USA 8:00 a.m. PDT / 11:00 a.m. EDT / 16:00 BST
Professor, Plant Biology Division
The Samuel Roberts Noble Foundation
Integrated metabolomics is a revolutionary systems biology tool for understanding plant metabolism and elucidating gene function. Although the vast utility of metabolomics is well documented in the literature, its full scientific promise has not yet been realized due to multiple technical challenges. The number one, grand challenge of metabolomics is the large-scale confident chemical identification of metabolites. To address this challenge, we have developed tandem mass spectral libraries, powerful custom software entitled 'Plant Metabolite Annotation Toolbox' (PlantMAT) and a sophisticated ensemble composed of Ultrahigh pressure liquid chromatography coupled to mass spectrometry coupled to automated solid-phase extraction and NMR (UHPLC-MS-SPE-NMR) for the large-scale systematic and biological directed annotation of plant metabolomes.

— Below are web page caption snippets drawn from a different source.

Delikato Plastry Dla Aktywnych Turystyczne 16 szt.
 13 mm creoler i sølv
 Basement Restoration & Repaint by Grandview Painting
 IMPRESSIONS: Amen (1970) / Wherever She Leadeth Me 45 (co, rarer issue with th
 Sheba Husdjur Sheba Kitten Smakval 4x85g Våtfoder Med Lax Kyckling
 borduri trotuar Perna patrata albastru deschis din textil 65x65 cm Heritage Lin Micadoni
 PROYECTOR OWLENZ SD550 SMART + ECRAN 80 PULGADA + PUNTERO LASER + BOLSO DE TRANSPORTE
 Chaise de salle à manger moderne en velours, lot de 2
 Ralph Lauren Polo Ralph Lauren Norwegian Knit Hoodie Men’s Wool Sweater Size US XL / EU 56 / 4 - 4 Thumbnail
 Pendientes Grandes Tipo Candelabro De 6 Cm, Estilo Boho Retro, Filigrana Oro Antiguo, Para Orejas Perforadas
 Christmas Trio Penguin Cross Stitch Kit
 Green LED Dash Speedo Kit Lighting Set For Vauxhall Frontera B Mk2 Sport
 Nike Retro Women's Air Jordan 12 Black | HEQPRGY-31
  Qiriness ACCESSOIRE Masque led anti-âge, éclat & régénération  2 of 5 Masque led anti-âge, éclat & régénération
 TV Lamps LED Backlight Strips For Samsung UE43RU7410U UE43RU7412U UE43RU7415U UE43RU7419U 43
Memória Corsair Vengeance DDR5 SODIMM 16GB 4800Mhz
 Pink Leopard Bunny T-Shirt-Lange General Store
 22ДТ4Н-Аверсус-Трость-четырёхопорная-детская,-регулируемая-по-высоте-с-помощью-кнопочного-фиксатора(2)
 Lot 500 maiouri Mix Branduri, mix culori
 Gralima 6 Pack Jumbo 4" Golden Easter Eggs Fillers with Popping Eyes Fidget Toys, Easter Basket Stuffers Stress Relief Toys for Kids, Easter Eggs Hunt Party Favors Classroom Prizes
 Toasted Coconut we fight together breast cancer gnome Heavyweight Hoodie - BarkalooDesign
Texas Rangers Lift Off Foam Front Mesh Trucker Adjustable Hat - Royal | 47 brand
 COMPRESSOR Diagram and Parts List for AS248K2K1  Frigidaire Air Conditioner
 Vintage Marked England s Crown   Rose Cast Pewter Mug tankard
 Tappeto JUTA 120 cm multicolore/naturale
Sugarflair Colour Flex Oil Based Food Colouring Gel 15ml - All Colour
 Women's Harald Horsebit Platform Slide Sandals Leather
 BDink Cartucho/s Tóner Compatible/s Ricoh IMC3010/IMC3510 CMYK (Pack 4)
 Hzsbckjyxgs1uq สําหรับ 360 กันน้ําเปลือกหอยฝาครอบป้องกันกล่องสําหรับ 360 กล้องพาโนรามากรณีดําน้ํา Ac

The initial step in annotation involves dereplication, or the identification of known metabolites by comparing the mass spectra of analytes in the sample with the mass spectra of known compounds. Thus, MS and MS/MS libraries were constructed using a UHPLC coupled to a Bruker Impact HD QToFMS/MS and containing spectra from 222 authentic compounds. These libraries were used to identify approximately 100 metabolites in the Medicago truncatula extracts. The utility of these libraries to identify metabolites in plant extracts analysed on similar systems was also tested and it was that found that over 80% of metabolites could be identified using the custom libraries on similar UHPLC-QTofMS/MS instruments. Unfortunately, authentic compounds are not available for all metabolites; especially plant natural products, and a large number of the M. truncatula detected peaks could not be identified using spectral matching. Thus, UHPLC-MS/MS data were imported into custom PlantMAT software and structures for approximately 100 saponins and polyphenolic glycosides were predicted. The accuracy of these predictions were then validated by NMR. Targeted compounds were isolated, purified and concentrated by mass directed UHPLC-MS-SPE. The SPE isolated compounds were eluted with deuterated methanol and 1D and 2D NMR spectra acquired. The NMR spectral data confirmed a 100% accuracy in the PlantMAT predicted structures. To date, UHPLC-MS-SPE-NMR has been used to identify approximately 71 M. truncatula metabolites. The results demonstrate that the cumulative computational and empirical platforms allow for higher-throughput and high confidence metabolite identifications necessary for metabolome 'sequencing'.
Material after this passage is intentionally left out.